Christian Felber: „Die Regierungen desinformieren uns ganz bewusst, weil sie die Oberschicht schützen“

Interview in „Wann & Wo“ (Vorarlberg), 05.02.2012

Der Keim der Lösung der Euro- und Schuldenkrise ist kaum bekannt: Die privaten Vermögen sind ungefähr fünfmal so groß wie die öffentlichen Schulden. Ein Prozent Vermögenssteuer reduziert die Staatsschulden um fünf Prozent. In zehn Jahren wären sie halbiert“, weiß der Autor und Journalist Christian Felber, dessen Buch „Retten wir den Euro!“ (Deuticke) morgen erscheint.

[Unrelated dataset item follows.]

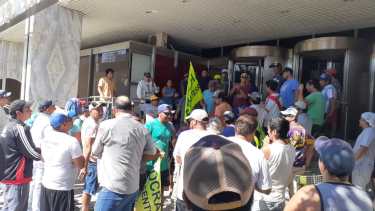 Hubo acuerdo y levantaron el corte sobre ruta 22 en Chichinales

„Der Clou: 90 Prozent der Bevölkerung wären nicht betroffen, weil zehn Prozent ‚Oberschicht‘ zwei Drittel des gesamten Vermögens besitzen. Sie zu besteuern würde ausreichen. Die Regierungen desinformieren uns bewusst über diese Fakten, weil sie die Oberschicht schützen!“, führt Christian Felber im WANN & WO-Interview weiter aus.

W&W: Wie kann das Volk den „Hütern der Geldordnung“ Druck machen, damit sich die Dinge in die richtige Richtung bewegen?

Christian Felber: Ich sehe derzeit den wichtigsten Weg über Direkte Demokratie, so kann der demokratische Souverän selbst Gesetze beschließen, zu denen sich das Parlament gegenwärtig nicht durchringen kann, weil die ökonoimschen Lobbies zu mächtig sind. Es sind aber auch kleine Schritte möglich: Jede(r) kann bei denjenigen Banken, die spekulieren oder auf Staatsgeld angewiesen sind, das Konto schließen und zu Banken wechseln, die aus eigener Kraft am Leben bleiben und nicht spekulieren. Die Auswahl ist zugegebenermaßen noch relativ klein, wir bereiten deshalb gerade die Gründung der „Demokratischen Bank“ in Österreich vor, die nicht nach Rendite jagen, sondern dem Gemeinwohl dienen wird.

W&W: Wie kommt man an die unvorstellbaren Vermögen der Superreichen in ihren Verstecken heran?

Christian Felber: Kapital ist vielleicht scheu, aber im Zeitalter des Internet müssen alle Steuerflüchtlinge durch die engsten Nadelöhre, die es je gab: den elektronischen Kapitalverkehr zwischen den Banken. Dieser müsste reguliert oder notfalls eine Aufgabe der Zentralbanken werden, dann ist die Steuerflucht zu Ende. Kein Reicher fliegt heute noch mit einem Geldkoffer auf die Cayman-Islands. Wenn das Zollhäuschen ins Internet errichtet wird, kann das gesamte Finanzvermögen erfasst werden.

W&W: Die herrschende Geldordnung wird von den Eliten tabuisiert (Davos). Welche Verantwortung kommt den Massenmedien zu, damit spätestens in der Krise der Tabubruch möglich wird?

Christian Felber: Sie könnten über Alternativen zur herrschenden Geldordnung aufklären, es gibt schon viele Ansätze: Kredit als öffentliches Gut, Banken ohne Zinsen, Regiogelder, Entzug der Geldschöpfungsfunktion der Geschäftsbanken, Vollgeldreform oder Finanzierung der Staatsschulden über die Zentralbank. Es gibt zahlreiche spannende Alternativen. Die Vision ist die bewusste und demokratische Neugestaltung der Geldordnung. Geld ist etwas zu 100% Künstliches, wir können es gestalten, wie wir wollen!

W&W: Das Kapitalismus-Monster hat zu einem kollektiven Egoismus bei den Menschen geführt. Müssen sich nicht in jedem einzelnen Kopf Einstellung und Bewusstsein ändern? Kommt Aufklärung an? Bzw. wie schlecht muss es den Menschen gehen, bis sie ihren Menschenverstand wieder finden? Es braucht ja Erkenntnis, bevor Entwicklung passieren kann.

Christian Felber: Der Wandel beginnt tatsächlich in den Köpfen und Herzen der Menschen. Das bedeutet einerseits, dass wir die sozialdarwinistischen Mythen hinterfragen, nach denen wir genetisch auf Egoismus und Konkurrenz programmiert seien. Das ist ein purer Mythos, der den Mächtigen nützt. Denn wenn wir die volle Kraft der Kooperation entdecken und entfalten würden, hätte Herrschaft von wenigen keine Chance mehr. Und wenn wir lernen unsere Herzen zu befragen, immer tiefer, werden wir erkennen, dass wir alle etwas ganz anderes wollen als das, was derzeit ist. Und unter Freiheit werden wir verstehen lernen, dass wir uns für diese anderen Formen des Zusammenlebens und Wirtschaftens auch persönlich einsetzen müssen.